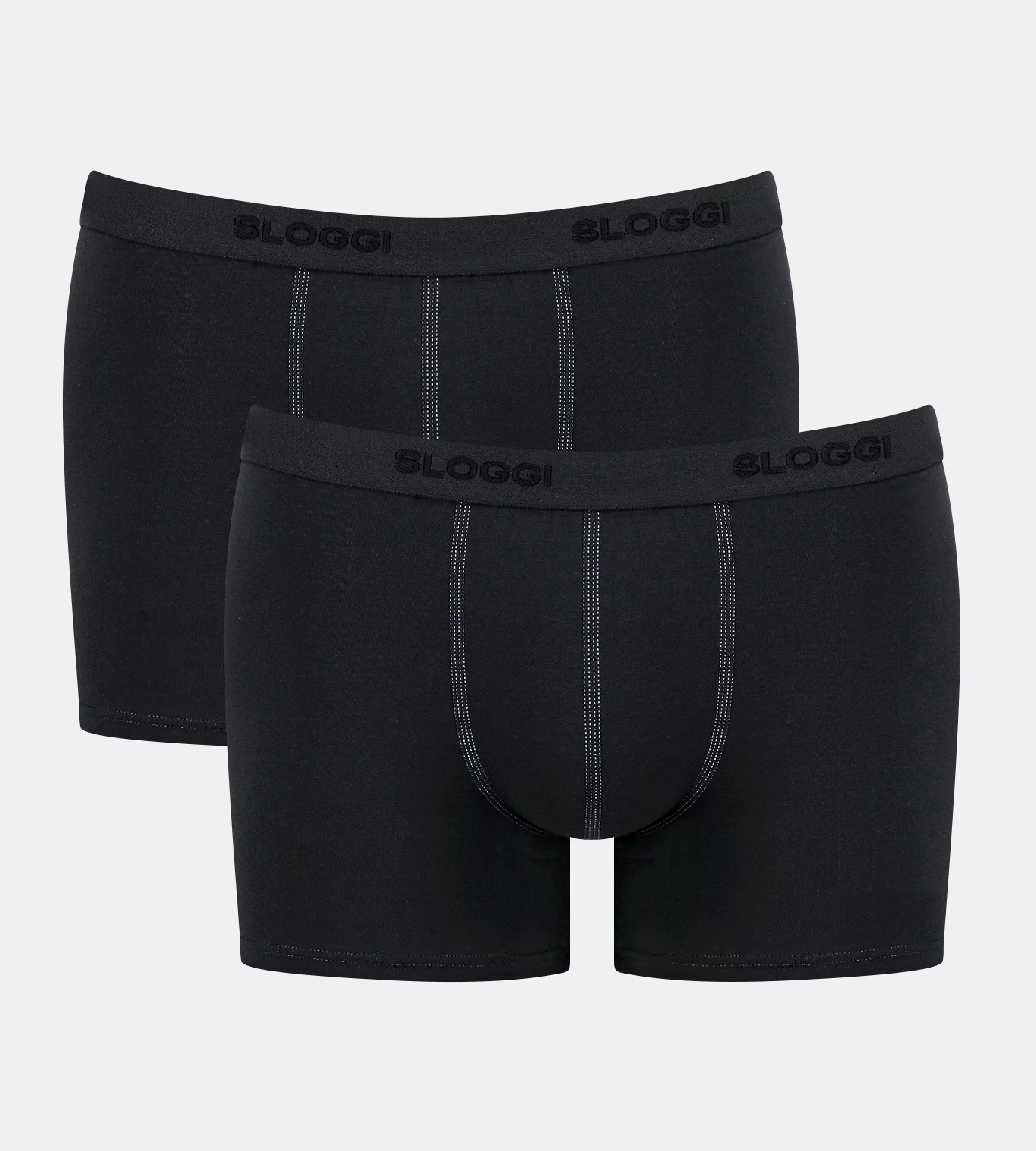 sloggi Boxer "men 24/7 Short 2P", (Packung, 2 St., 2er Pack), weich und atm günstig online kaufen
==
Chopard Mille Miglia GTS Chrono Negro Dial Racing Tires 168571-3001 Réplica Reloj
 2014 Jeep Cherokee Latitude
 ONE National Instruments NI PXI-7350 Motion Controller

**What this task involves**:
Would you print exactly and only the lines of the material above that run from the line with "Chopard Mille Miglia" through the line with "ONE National Instruments", both included?

**Solution to the exercise**:
Chopard Mille Miglia GTS Chrono Negro Dial Racing Tires 168571-3001 Réplica Reloj
 2014 Jeep Cherokee Latitude
 ONE National Instruments NI PXI-7350 Motion Controller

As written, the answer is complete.